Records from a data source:
- - - - - - -
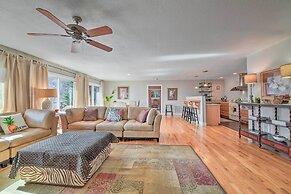 Scenic Pet-friendly House w/ Private Hot Tub!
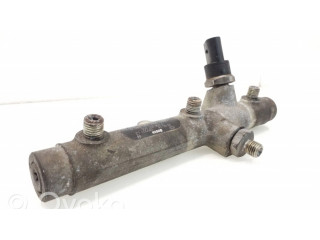 Vstřikovací lišta 059130089D, F00R001650 Audi A4 S4 B7 8E 8H pro naftový motor 3.0 BKN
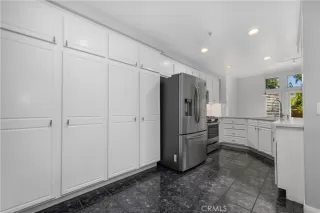 Photo #2: OC24236047 Listing 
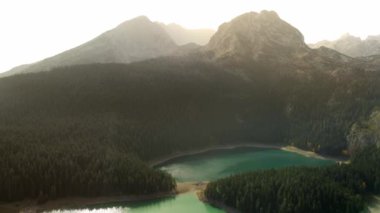 Karadağ 'ın Durmitor kentindeki Kara Göl' ün inanılmaz hava aracı görüntüsü. Sonbahar günbatımında dağ gölü manzarası. Durmitor, UNESCO 'nun Dünya Mirası listesinde yer alıyor.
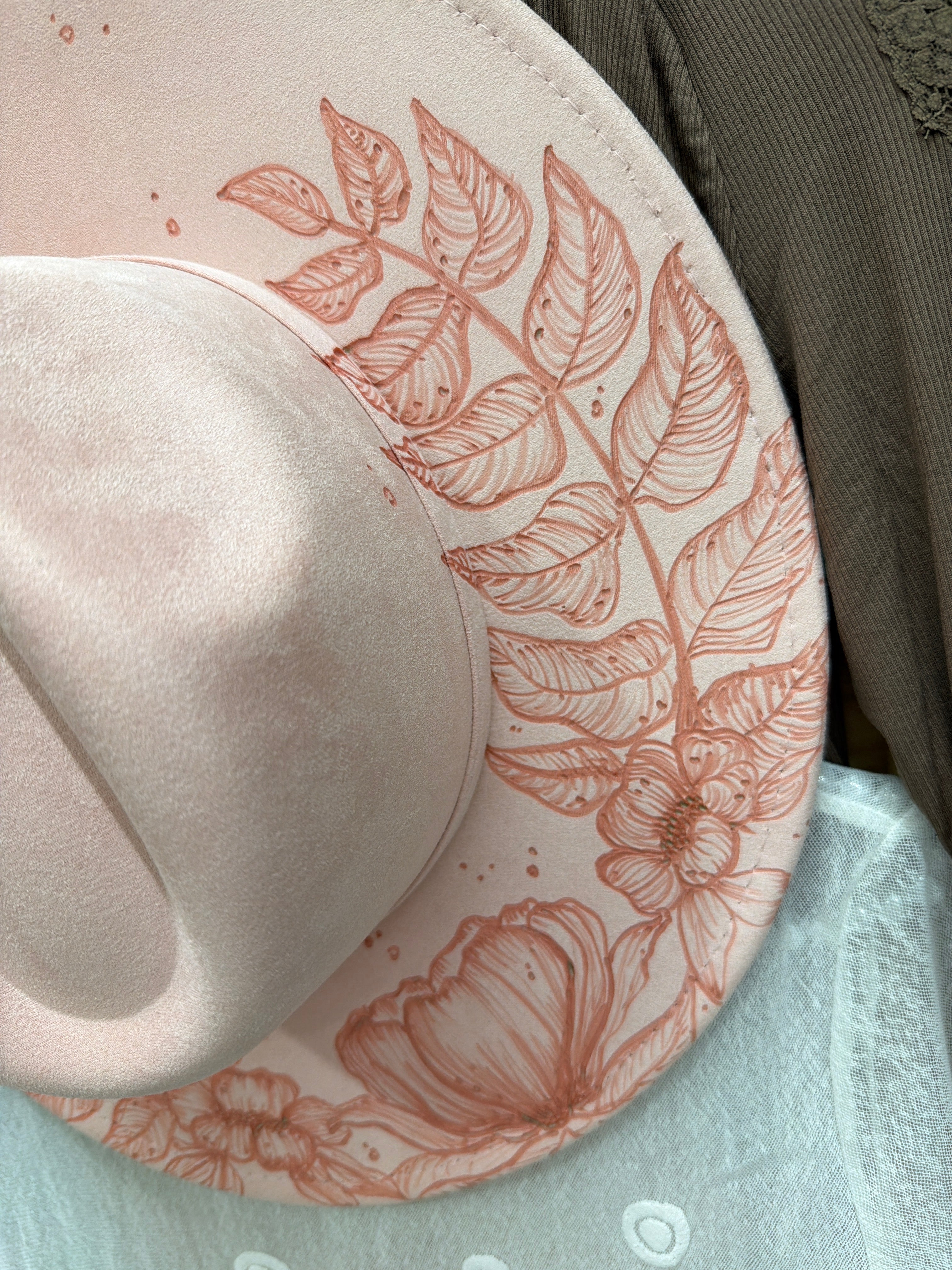 Pink floral hummingbird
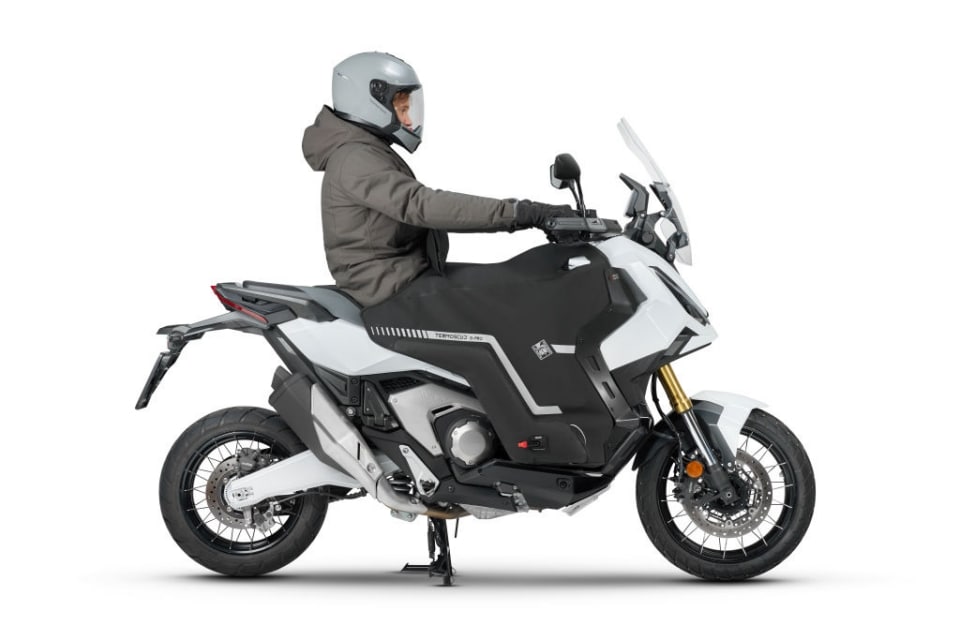 Tucano Urbano reinventa la copertina da moto: ecco il Termoscud che vi farà venire voglia di buttare via quello vecchio
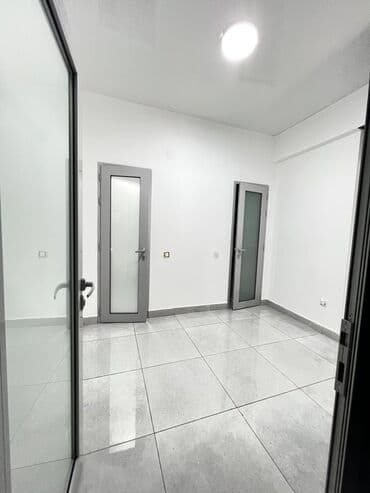 дом в центре города: Сдаю Офис, 170 м², В частном доме, 1 линия, С отдельной кухней, С отдельным входом — 24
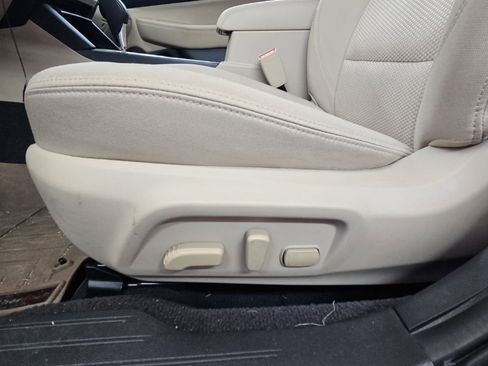 Used 2018 Subaru Outback 2.5i Premium AWD/4WD image 21
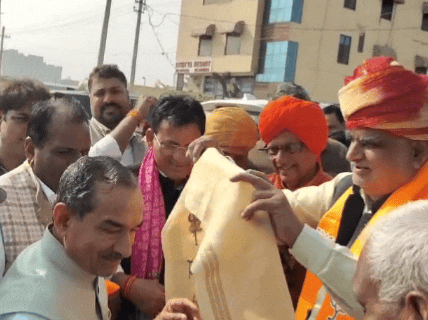 शनिवार को भाजपा प्रदेश अध्यक्ष मदन राठौड़ का झुंझुनूं जाते समय सीकर के गोकुलपुरा तिराहे पर होटल गोल्डन ट्री पर यूडीएच मंत्री झाबर सिंह खर्रा समेत भाजपा कार्यकर्ताओं ने स्वागत किया।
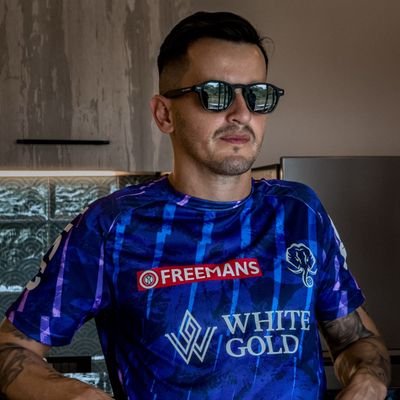 Aszh21's profile picture. Keralablasters 💛
Realmadrid 🤍
Football ❤️
Nyctophile 🌌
- - - - - - -
▶ [Problem details]:
An exact copy is needed of the entries above, starting at the line that holds "Karadağ 'ın Durmitor" and stopping at the line that holds "Used 2018 Subaru", both kept; pictures stay out.

▶ [Answer box]:
 Karadağ 'ın Durmitor kentindeki Kara Göl' ün inanılmaz hava aracı görüntüsü. Sonbahar günbatımında dağ gölü manzarası. Durmitor, UNESCO 'nun Dünya Mirası listesinde yer alıyor.
 Pink floral hummingbird
 Tucano Urbano reinventa la copertina da moto: ecco il Termoscud che vi farà venire voglia di buttare via quello vecchio
 дом в центре города: Сдаю Офис, 170 м², В частном доме, 1 линия, С отдельной кухней, С отдельным входом — 24
 Used 2018 Subaru Outback 2.5i Premium AWD/4WD image 21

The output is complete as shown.